What the doctor had to say about the creepy green pallor of his face didn’t make much of an impact either. “Check this out,” he’d said, tossing me a blue plastic pill bottle across Christopher’s front seat.
As soon as he’d gotten back to the Marmont from his appointment downtown he’d knocked on my door and flung the idea of the trip to the desert at my feet like a stir-crazy dog with his leash and favourite ball. With Christine long gone for the day and probably half the night, I didn’t have anything to do or wait around for, so we’d struck out for Joshua Tree just after two o’clock in order to beat the traffic. It turned out that rush hour in L.A. is every hour, so we spent most of the afternoon squinting through our sunglasses at the sun lasering off the chrome bumper of the car ahead of us and crawling a couple of inches forward every five minutes.
“They couldn’t hurt, I guess,” I said, handing back the container of vitamins.
“Oh, yeah, well how about these?” he said.

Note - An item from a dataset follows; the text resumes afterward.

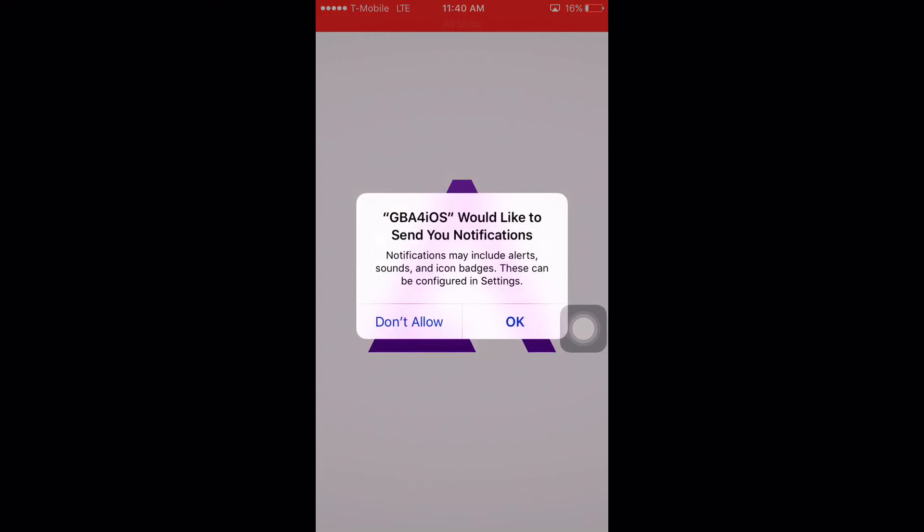And there it is, GBA for iOS. You can play any game you want. I'm not responsible if any legal issues come out of this, so please download games that you already own.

I took the bottle and read the white label with Thomas’s name and some neatly typed instructions on it. “Valium?”
“Sonofabitch’s got the nerve to tell me to cut back on the nose candy and to try taking these instead.” Snatching back the drugs and rattling them in front of my face, “You know what this shit is, Buckskin? Lobotomy in a bottle. Ten milligrams four times a day of instant brain fuck. Another sonofabitch with a degree on his wall filled my momma up with this poison once ...” He leaned into the horn and stared hard at the snake of metal and glass stretching out in front of us.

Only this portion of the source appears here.